Search code examples
c#multithreadingazure-worker-rolespoolazure-cloud-services

C# Processing bunch of data by multiple instances of same class


We have web application running in Azure cloud as worker role C#.NET. Part of this application is deciphering lot of short strings in different objects (about 2000 per one request). We want to make it as fast as possible and we need to manage multi threading in correct way.

We had it implemented in way that each object created new instance of class, new thread to decrypt that string. But it took too much time.

If we construct only one instance of class and run all data trough it, it is much faster, instead constructing it over and over again for each object.

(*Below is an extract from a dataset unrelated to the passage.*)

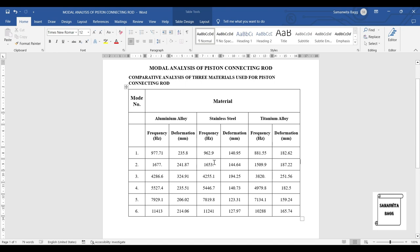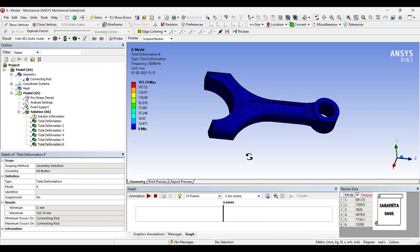If you don't want to go for stainless steel, aluminium alloy can be safely used for any day-to-day application. The comparative chart allows you to analyze cost, durability, deformation, and frequency together so you can choose the material best suited to your requirement. That's how you analyze a connecting rod for modal analysis and select the most preferable material for your case.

Question is, how to improve that. We want to do something like this, but have no idea how:

  1. We want to create pool of data to be decrypted
  2. Create multiple instances of same class (ideally one per CPU core) as one thread per core.
  3. Have some sort of mechanism to feed those instances with data
  4. When pool is empty, close all threads.

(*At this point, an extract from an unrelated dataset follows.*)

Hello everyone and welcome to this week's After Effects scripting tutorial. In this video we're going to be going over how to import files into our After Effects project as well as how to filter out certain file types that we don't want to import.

We don't want to start new thread for every object in pool, but have limited number of threads running in parallel feeding on same list of data and processing it one by one.


UPDATE 1:

We have tried approaches that was mentioned in comments, especially Storage Queue and Web Job, but due to structure of our code, significant changes would have been necessary to implement with uncertain result. SO it wasn't way to go.

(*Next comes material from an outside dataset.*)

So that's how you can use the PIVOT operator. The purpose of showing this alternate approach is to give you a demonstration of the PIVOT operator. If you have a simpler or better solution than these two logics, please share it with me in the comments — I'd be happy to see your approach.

In the end we did following and I will share results at the end:

We are creating 12 instances of "decrypt-or" - deciphering instances with AES 256. Number 12 is only top value and in reality only 4 - 6 instances are created based on load. Closing of instance is done when main Queue is depleted.

All object that have to be deciphered are in Queue and every instance of "decrypt-or" have its own imaginary Queue. So we are processing object from main Queue and searching for "decrypt-or" with 0 objects in imaginary queue or one with lowest count of objects.

Results

Get all method which took the most time and it's our reference:

  1. Original implementation: 6.39 seconds / CPU Load 100% on 16 cores
  2. Implementation with one instance of "decrypt-or": 1.62 seconds / CPU load 50 - 60% on 16 cores
  3. 12 instances of "decrypt-or": 1.27 seconds / CPU load 20 - 25 % on 16 cores

As you can see, we were able to decrease time by 21% compared to single instance implementation but more we reduce CPU usage so we will try to reduce cores without compromising speed.

Next step will be bigger performance tests, to see what are the limits of this approach.


Solution

  • Answer is in update:

    We are creating 12 instances of "decrypt-or" - deciphering instances with AES 256. Number 12 is only top value and in reality only 4 - 6 instances are created based on load. Closing of instance is done when main Queue is depleted.

    All object that have to be deciphered are in Queue and every instance of "decrypt-or" have its own imaginary Queue. So we are processing object from main Queue and searching for "decrypt-or" with 0 objects in imaginary queue or one with lowest count of objects.